# The task:
Produce word for word the lines of the data below running from the one that has "Professional eavestrough cleaning" to the one that has "BASIC by Balculina", inclusive, and no others.

# Dataset records:

--------

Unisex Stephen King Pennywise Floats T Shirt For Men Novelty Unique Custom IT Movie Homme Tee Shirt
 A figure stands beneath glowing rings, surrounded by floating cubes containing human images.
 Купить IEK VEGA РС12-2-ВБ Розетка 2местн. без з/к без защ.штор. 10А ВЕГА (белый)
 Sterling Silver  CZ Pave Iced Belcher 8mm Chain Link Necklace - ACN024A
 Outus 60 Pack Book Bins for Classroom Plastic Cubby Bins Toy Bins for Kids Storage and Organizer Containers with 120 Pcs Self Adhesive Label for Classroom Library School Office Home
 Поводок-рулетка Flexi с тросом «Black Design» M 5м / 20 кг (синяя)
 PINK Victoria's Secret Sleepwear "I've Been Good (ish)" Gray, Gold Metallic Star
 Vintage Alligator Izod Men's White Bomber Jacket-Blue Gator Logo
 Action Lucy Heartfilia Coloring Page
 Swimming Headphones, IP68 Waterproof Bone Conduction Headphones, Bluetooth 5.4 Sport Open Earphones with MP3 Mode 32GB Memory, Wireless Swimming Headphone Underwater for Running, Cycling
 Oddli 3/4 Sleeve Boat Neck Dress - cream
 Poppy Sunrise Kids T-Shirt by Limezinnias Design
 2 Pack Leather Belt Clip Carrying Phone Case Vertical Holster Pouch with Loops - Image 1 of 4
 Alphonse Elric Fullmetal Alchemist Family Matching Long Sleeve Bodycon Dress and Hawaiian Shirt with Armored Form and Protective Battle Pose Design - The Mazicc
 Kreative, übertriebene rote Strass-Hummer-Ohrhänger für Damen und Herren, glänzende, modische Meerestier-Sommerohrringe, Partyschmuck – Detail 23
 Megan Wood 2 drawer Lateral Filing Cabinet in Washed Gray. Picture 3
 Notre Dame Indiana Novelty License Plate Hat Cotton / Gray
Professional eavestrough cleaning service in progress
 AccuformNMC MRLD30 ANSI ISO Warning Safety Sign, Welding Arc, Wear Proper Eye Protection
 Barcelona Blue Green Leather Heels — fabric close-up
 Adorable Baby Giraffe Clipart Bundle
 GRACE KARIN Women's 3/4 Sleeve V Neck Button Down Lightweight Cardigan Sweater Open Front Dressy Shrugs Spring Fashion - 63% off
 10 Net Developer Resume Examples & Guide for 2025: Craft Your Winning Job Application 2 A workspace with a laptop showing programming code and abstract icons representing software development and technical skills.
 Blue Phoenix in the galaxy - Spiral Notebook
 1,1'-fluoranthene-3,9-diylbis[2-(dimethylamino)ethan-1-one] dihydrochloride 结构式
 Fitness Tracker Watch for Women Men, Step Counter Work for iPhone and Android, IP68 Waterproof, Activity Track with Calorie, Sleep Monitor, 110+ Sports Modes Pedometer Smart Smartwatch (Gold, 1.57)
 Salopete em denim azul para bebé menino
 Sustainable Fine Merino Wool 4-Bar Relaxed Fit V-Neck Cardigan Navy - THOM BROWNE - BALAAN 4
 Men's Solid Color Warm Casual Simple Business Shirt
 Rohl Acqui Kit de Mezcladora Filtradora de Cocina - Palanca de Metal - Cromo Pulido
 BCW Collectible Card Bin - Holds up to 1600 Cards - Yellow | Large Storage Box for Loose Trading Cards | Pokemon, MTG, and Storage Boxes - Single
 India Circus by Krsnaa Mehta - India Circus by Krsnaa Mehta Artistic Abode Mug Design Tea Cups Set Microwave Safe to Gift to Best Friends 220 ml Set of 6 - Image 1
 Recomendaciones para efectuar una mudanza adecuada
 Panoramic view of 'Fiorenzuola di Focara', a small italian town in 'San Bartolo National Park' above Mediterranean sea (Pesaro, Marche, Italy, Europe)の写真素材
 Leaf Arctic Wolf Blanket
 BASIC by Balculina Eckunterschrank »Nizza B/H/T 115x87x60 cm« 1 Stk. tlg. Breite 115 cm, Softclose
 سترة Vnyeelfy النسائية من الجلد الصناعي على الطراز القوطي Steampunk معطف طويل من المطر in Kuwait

--------

# Solution to this problem:
Professional eavestrough cleaning service in progress
 AccuformNMC MRLD30 ANSI ISO Warning Safety Sign, Welding Arc, Wear Proper Eye Protection
 Barcelona Blue Green Leather Heels — fabric close-up
 Adorable Baby Giraffe Clipart Bundle
 GRACE KARIN Women's 3/4 Sleeve V Neck Button Down Lightweight Cardigan Sweater Open Front Dressy Shrugs Spring Fashion - 63% off
 10 Net Developer Resume Examples & Guide for 2025: Craft Your Winning Job Application 2 A workspace with a laptop showing programming code and abstract icons representing software development and technical skills.
 Blue Phoenix in the galaxy - Spiral Notebook
 1,1'-fluoranthene-3,9-diylbis[2-(dimethylamino)ethan-1-one] dihydrochloride 结构式
 Fitness Tracker Watch for Women Men, Step Counter Work for iPhone and Android, IP68 Waterproof, Activity Track with Calorie, Sleep Monitor, 110+ Sports Modes Pedometer Smart Smartwatch (Gold, 1.57)
 Salopete em denim azul para bebé menino
 Sustainable Fine Merino Wool 4-Bar Relaxed Fit V-Neck Cardigan Navy - THOM BROWNE - BALAAN 4
 Men's Solid Color Warm Casual Simple Business Shirt
 Rohl Acqui Kit de Mezcladora Filtradora de Cocina - Palanca de Metal - Cromo Pulido
 BCW Collectible Card Bin - Holds up to 1600 Cards - Yellow | Large Storage Box for Loose Trading Cards | Pokemon, MTG, and Storage Boxes - Single
 India Circus by Krsnaa Mehta - India Circus by Krsnaa Mehta Artistic Abode Mug Design Tea Cups Set Microwave Safe to Gift to Best Friends 220 ml Set of 6 - Image 1
 Recomendaciones para efectuar una mudanza adecuada
 Panoramic view of 'Fiorenzuola di Focara', a small italian town in 'San Bartolo National Park' above Mediterranean sea (Pesaro, Marche, Italy, Europe)の写真素材
 Leaf Arctic Wolf Blanket
 BASIC by Balculina Eckunterschrank »Nizza B/H/T 115x87x60 cm« 1 Stk. tlg. Breite 115 cm, Softclose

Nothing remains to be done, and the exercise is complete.